I ran to the door, expecting to see it caved in or even knocked off of its hinges, but when I got to it, I didn't see any signs of damage. I looked out of the small window, but I saw nothing, except the stairs leading up to the small porch, enough that a car could not have hit it, certainly not with the force I just heard. Gingerly, I unlocked the door, and pulled it open. It moved with its normal fluidity, and the front of the door showed no damage, not even a slight sign of impact. It was very confusing.

Then I saw the envelope on the ground, lying face down on the welcome mat.

I reached down and grabbed it, then shut the door. I got all the way to the kitchen and had a glass of orange juice in my hand before I even looked at the thing. It was a rather fancy envelope, and small, much like the kind Mary and I used to mail our wedding invatations. It was creamy-white and embossed with floral designs. I turned the envelope over in my hand and looked at the front. What I saw absolutely blew my mind like nothing I had seen before.

"Mary."

My wife's name.

My heart slammed against my chest, and my breathing was quick. Mary! The envelope had no return address. I slid my finger under the seal and nearly ripped the flap off from the force. There was a piece of paper inside, folded into quarters. I pulled it out and unfolded it.
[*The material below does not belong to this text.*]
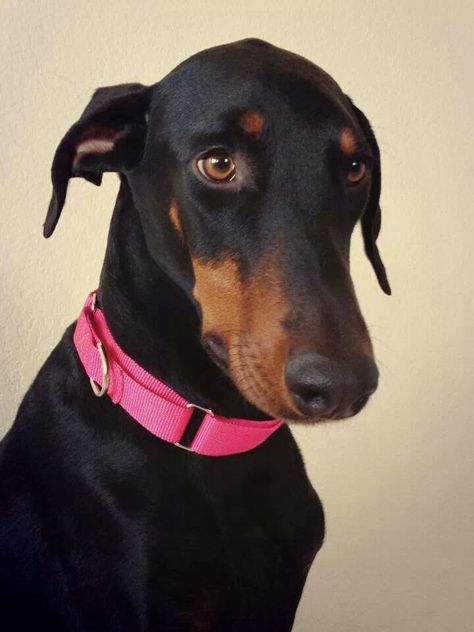 Doberman - I love the way they look when they don't have their ears cropped! Doberman Pinscher Natural Ears, Doberman Training, Doberman Pinscher Puppy, Akc Breeds, Doberman Love, Doberman Pinscher Dog, Doberman Puppy, Doberman Dogs, Puppies Funny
It was a letter. And it wasn't written to Mary at all. Maybe if it was, things would be very different right now. But it was not. It was Mary who wrote this letter. And, it was written to me.

"In my restless dreams, I see that town, Silent Hill. You promised you would take me there again someday, but you never did. Well, I'm alone there now, in our special place. Waiting for you."

Waiting for you. Waiting for me.

No fucking way, Jose. I could not believe this. I CANNOT believe this. Mary is dead! How can she write me a letter? What the hell was all this about?

Never once then did it occur to me that someone could be playing a cruel joke on me. Not once. I knew right away that it was her handwriting, and her words. They seemed terribly familiar for whatever reason, but there was no mistaking this, in my head. My dead wife wrote me a letter.

Reason totally abandoned me. I guess that finally pulled that final guitar string that was my sanity a little too hard and I could almost hear its terrible plucking sound as it snapped. The feeling was sudden and strong, it was like having a good drunk, really.

I had made up my shattering mind to go there. God only knows why, but she said she was there. It was the first dim ray of hope I've had in far too long, there's no way I could ignore it. It was an incredible feeling. I didn't make any special preparations for the trip, just a few sodas in a cooler and a map of the town I kept from our last visit, right before she started getting really bad.

Not even twenty minutes later I was in my old Dodge, at the Interstate 95 junction, heading north towards Augusta, Maine. Once I was a bit north of Augusta, I would take SR 201, which would lead to the western part of Maine. Western Maine has many lakes, the most beautiful of which is Toluca Lake. Around Toluca Lake is the small resort town of Silent Hill. Our special place.

Mary was there. I know it. The letter said so.